Metadata-Version: 2.4
Name: pytoolsmith
Version: 0.1.4
Summary: A lightweight Python library that simplifies the process of exposing functions as tools for Large Language Models
Project-URL: Homepage, https://github.com/zachrobo1/pytoolsmith
Project-URL: Bug Tracker, https://github.com/zachrobo1/pytoolsmith/issues
Author-email: Zach Cloud <me@zachb.cloud>
License: MIT
License-File: LICENSE
Classifier: License :: OSI Approved :: MIT License
Classifier: Operating System :: OS Independent
Classifier: Programming Language :: Python :: 3
Requires-Python: >=3.11
Description-Content-Type: text/markdown

# PyToolsmith

A lightweight Python library that simplifies the process of exposing functions as tools for Large Language Models.

### Status

![Tests](https://github.com/zachrobo1/PyToolsmith/actions/workflows/linting-and-tests.yml/badge.svg)
![PyPI - Version](https://img.shields.io/pypi/v/pytoolsmith)
[![codecov](https://codecov.io/gh/zachrobo1/PyToolsmith/graph/badge.svg?token=5SQEOF1TV2)](https://codecov.io/gh/zachrobo1/PyToolsmith)
[![License: MIT](https://img.shields.io/badge/License-MIT-yellow.svg)](https://opensource.org/licenses/MIT)

## What is this?

LLM Tooling (or function calling) is a powerful way to connect LLMs to the real world.

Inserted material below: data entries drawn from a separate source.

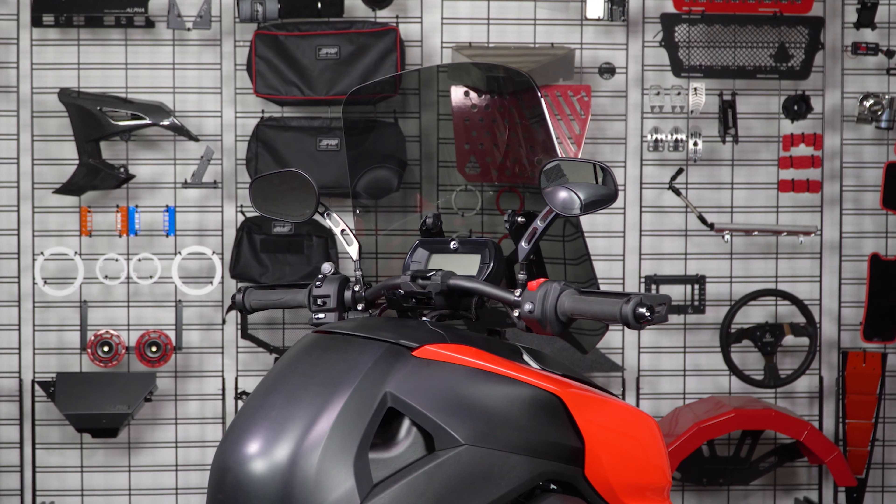So if having an adjustable windshield for your K&M Riker is on your mod list, then be sure to head on over to slingmods.com today and grab one for yourself. And don't forget to like, subscribe, and hit that notification bell, so I can keep you up to date on everything Ryker.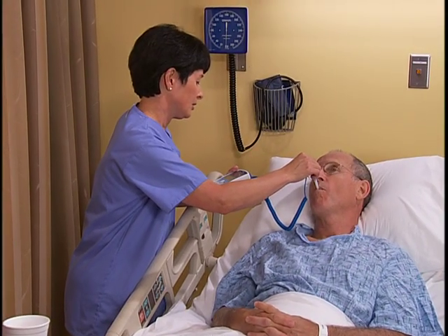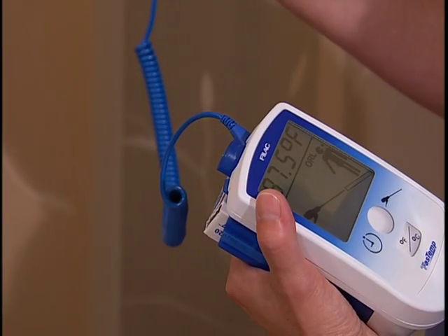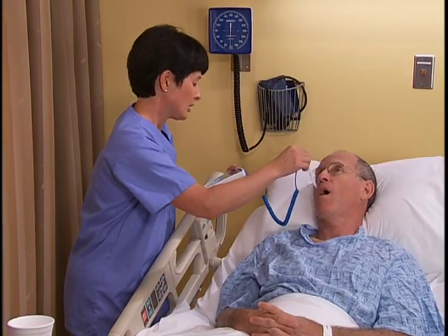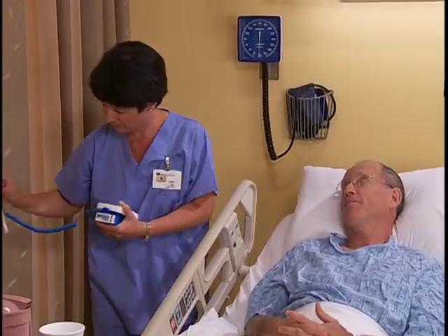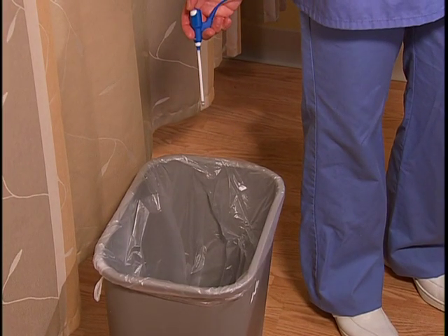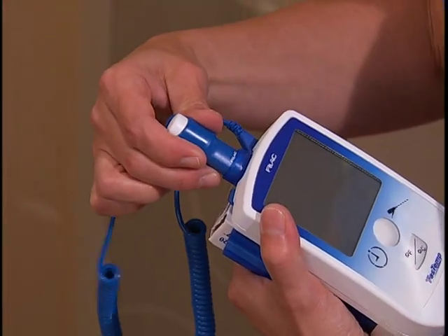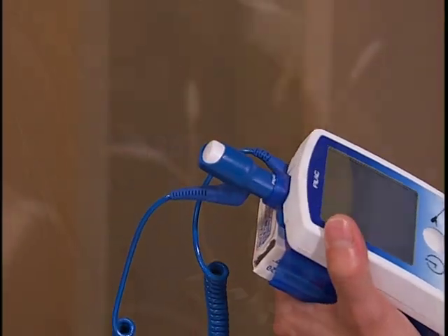Keep the probe in place until you hear the completion signal and see his temperature on the digital display. Then remove the probe and tell the patient his temperature. Push the ejection button on the probe to discard the probe cover into an appropriate receptacle. Return the thermometer's stem to its storage location and return the thermometer to the charger.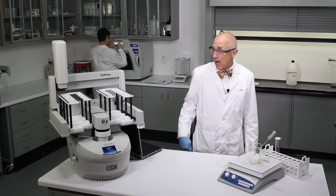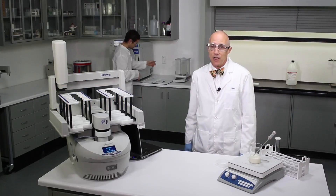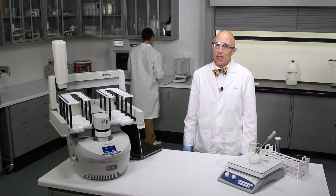We've got it in the system. It's going to prepare, and while it's doing the digestion, let's go back and take a little history of popcorn.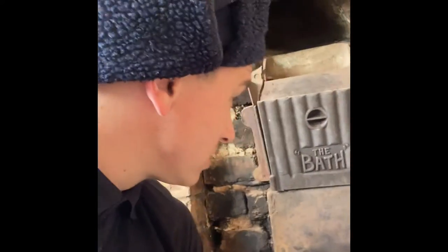Look here — this right here is English heritage. Like I said earlier, over 90 years old. I mean, people just covered it up.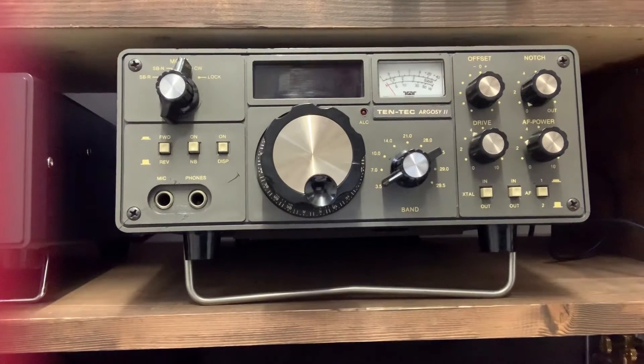Hello everyone. I posted a video recently on me operating this rig, which is the Tentec Argosy 2, and someone posted a comment about the possibility of shooting a little video showing the features of the rig. So it's Saturday morning the 9th of November and I got a few minutes to spare, so I thought I would give it a go.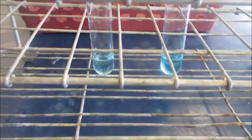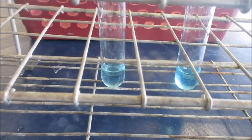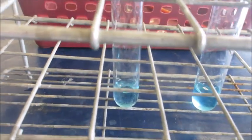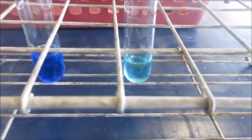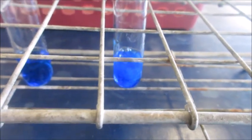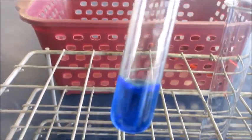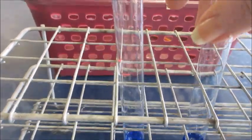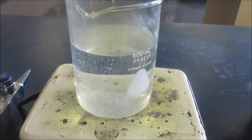Now let's see what happens when I place Fehling's B in the solution — ten drops into each test tube. This is before adding them to the hot water bath. They look pretty much almost the same. Now let's place them both in the hot water bath for a few minutes to see if there's going to be a change.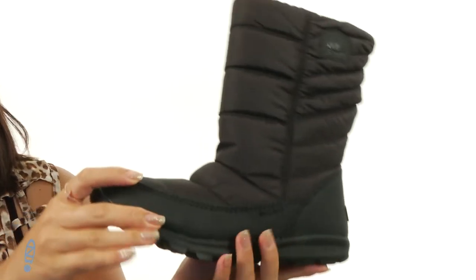And it all sits on top of this durable rubber outsole. During those cold nights, these boots will definitely want to make you dance with somebody. Check them out — they're by Sorel.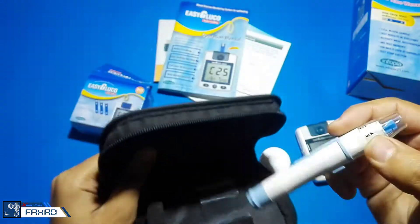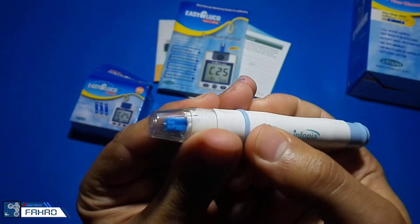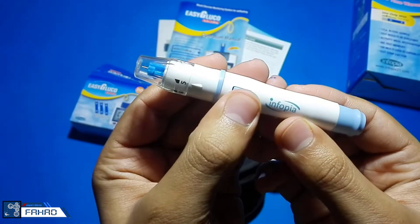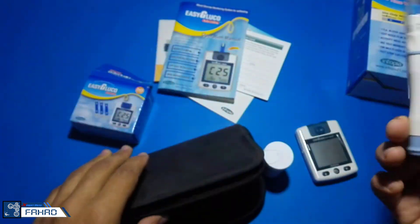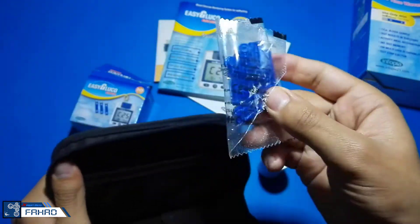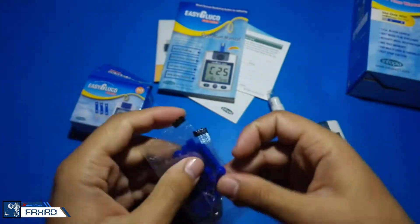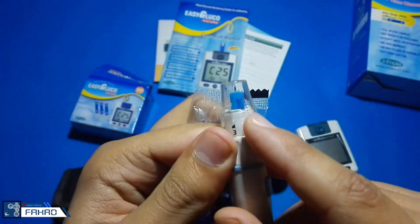This is the lancing device and it is used to take samples of blood. These are the lancets which are used in the lancing device to take blood samples from the human body. You can also increase the depth range from here.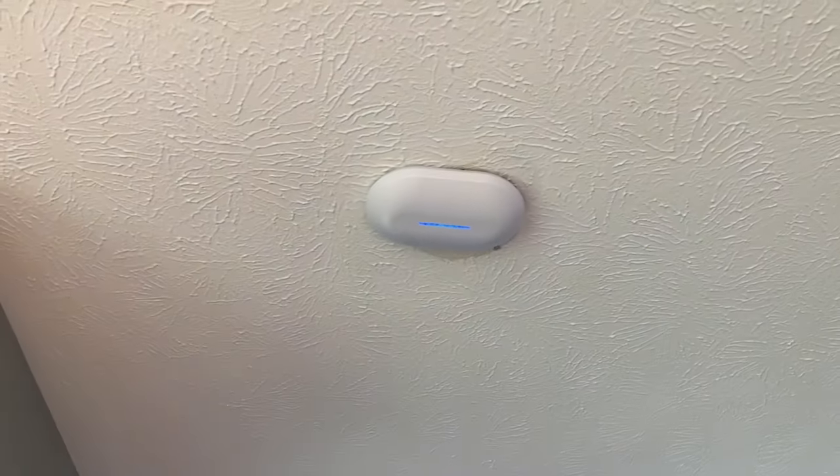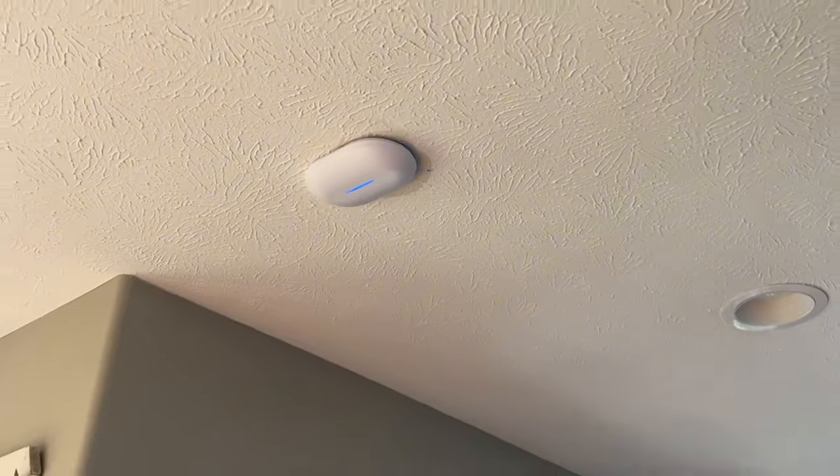The Alta Labs controller lets you define your Wi-Fi networks and build the Wi-Fi in your home. It also allows you to put access points in locations like ceilings so you don't have dead spots. If you have a multi-level home, you'll want at least one access point on each level. If your house is really wide, maybe put two access points on the main level and one upstairs or in the basement. Your coverage will filter up and down.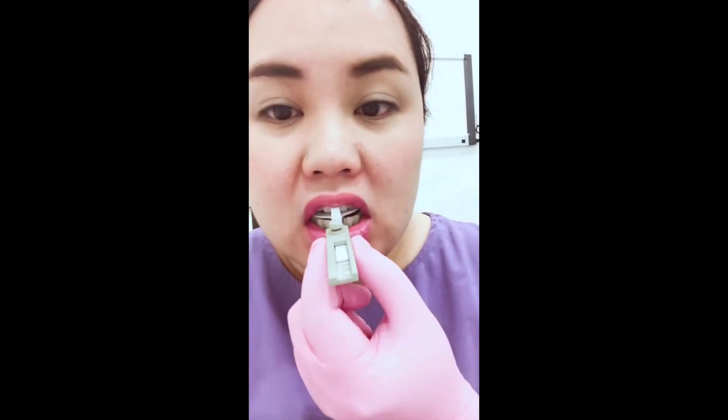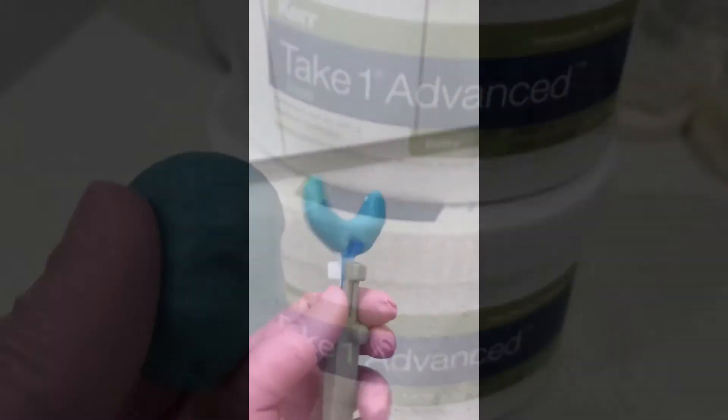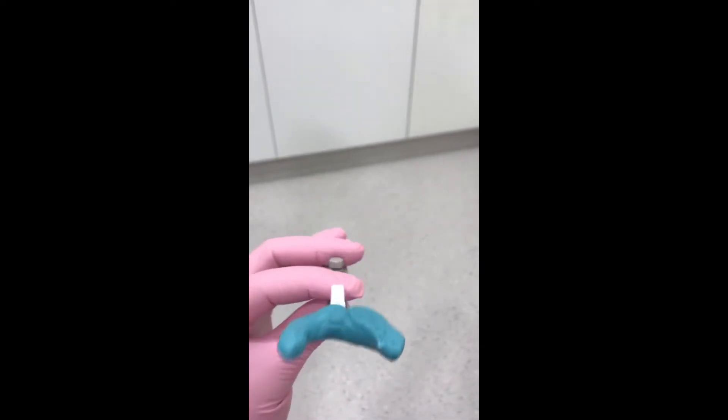When you're happy with that position, you can proceed to take the bite record. Here I am using some putty. Full occlusal coverage is essential — make sure that you don't cover the blue portion, which is the lower incisor clamp.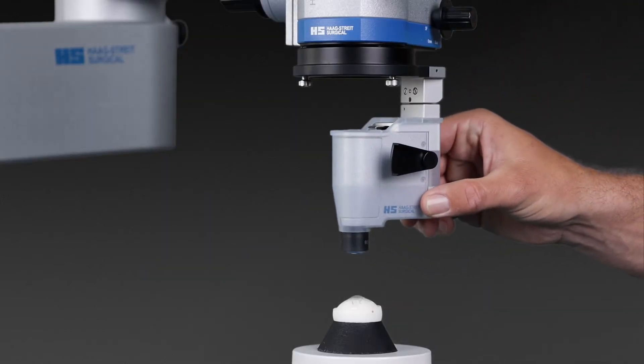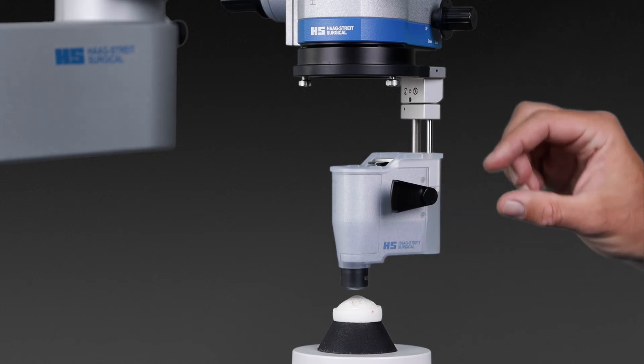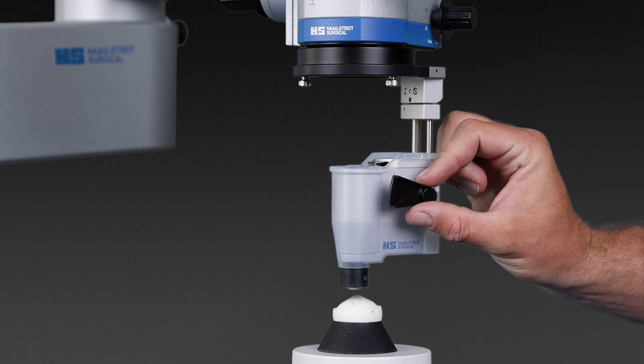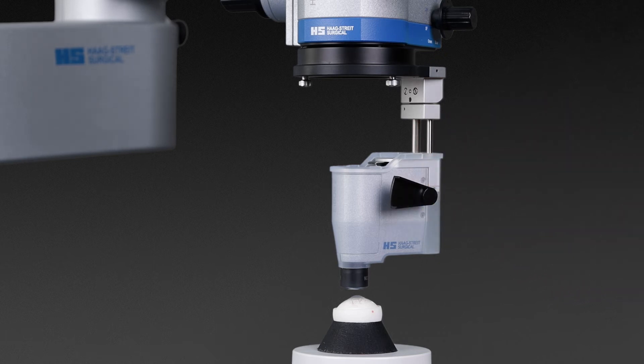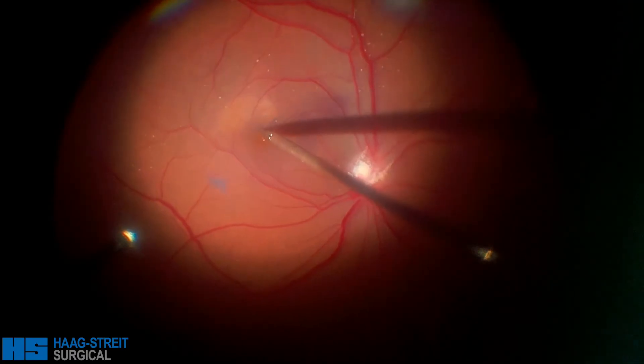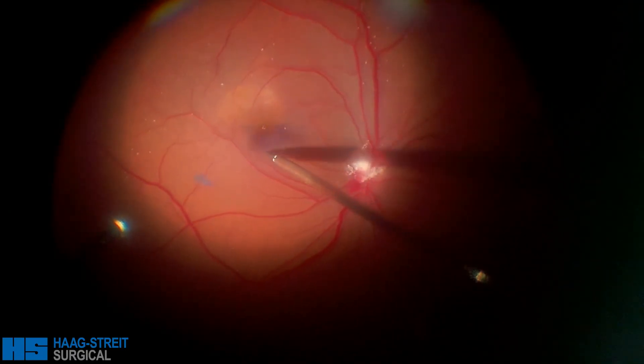Important for retroretinal surgery is the non-contact wide-angle ophthalmoscope IBOS II. Covered with a sterile drape, it is flipped down for the operation. The focus mechanism and the inverter are integrated into the prism body for easy handling and a comfortable seating position.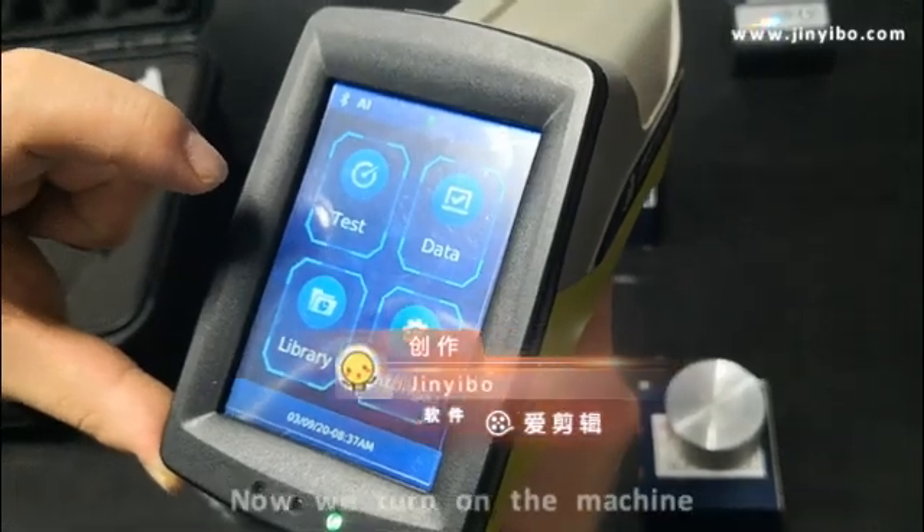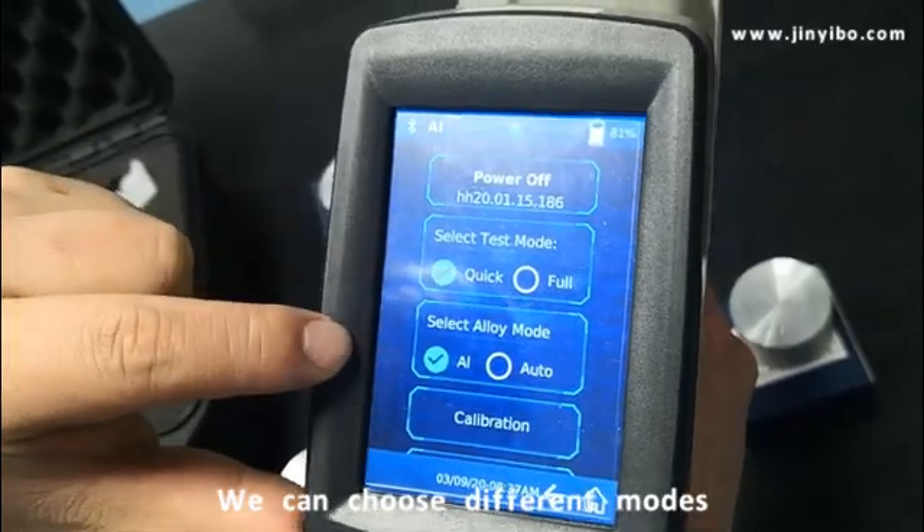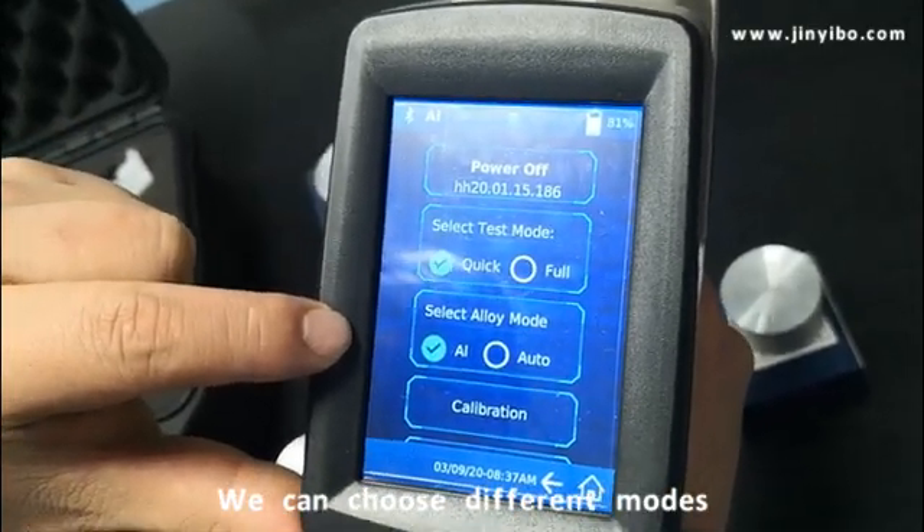Now we turn on the machine, we choose the setting, we choose the quick model, we choose the annual model.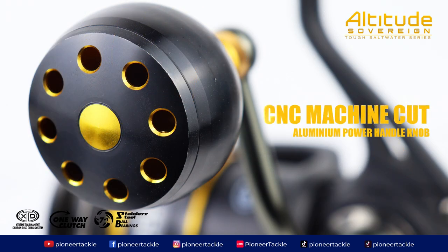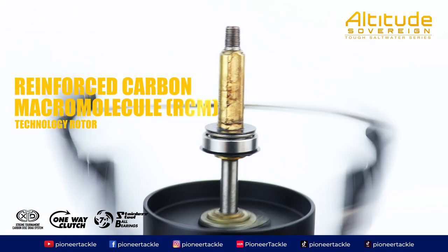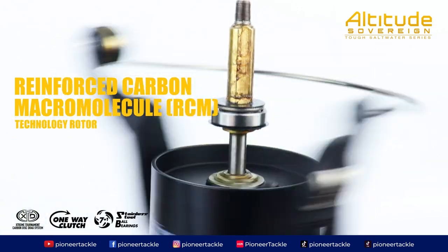CNC Machine Cut Aluminium Power Handle Knob. Reinforced Carbon Macromolecule Technology Rotor.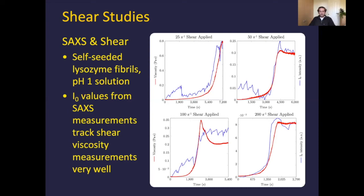The initial shear studies used lysozyme at pH one rather than pH two. We compared I0 values from small angle scattering measurements with viscosity measurements and found these two curves track each other very well. The rheology data is very smooth, polled every second, whereas the I0 data is more jagged since we only take a frame from the small angle scattering every minute. Things like air bubbles appearing in the increasingly turbid viscous solution also lead to odd effects when trying to find the I0 point.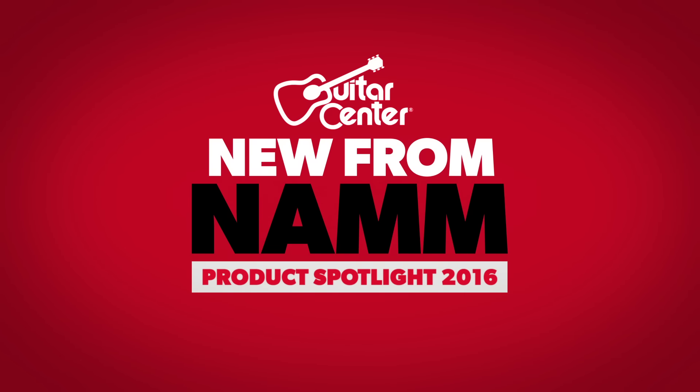I want to thank you, John, for your time. We're checking out TAMA's Iron Cobra pedals here at NAMM. Be sure to check it out at your local Guitar Center and GuitarCenter.com.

However, defining tool
definitions can be cumbersome, as it requires defining both the tool function, and a JSON schema that describes the
tool. Additionally, in some cases, you may want to control certain parameters passed into tools rather than have the LLM
decide what to pass in. PyToolsmith aims to solve this by providing a simple API to define tools from function
definitions and automatically generate the JSON schema to pass to the LLM.

### Features

- [x] Generates JSON schemas directly from your function definitions.
- [x] Parses Google-style docstrings to describe your tools in the schema.
- [x] Pass the same tools into different LLM providers with a simple method call.
- [x] Define custom type mappings to extend functionality.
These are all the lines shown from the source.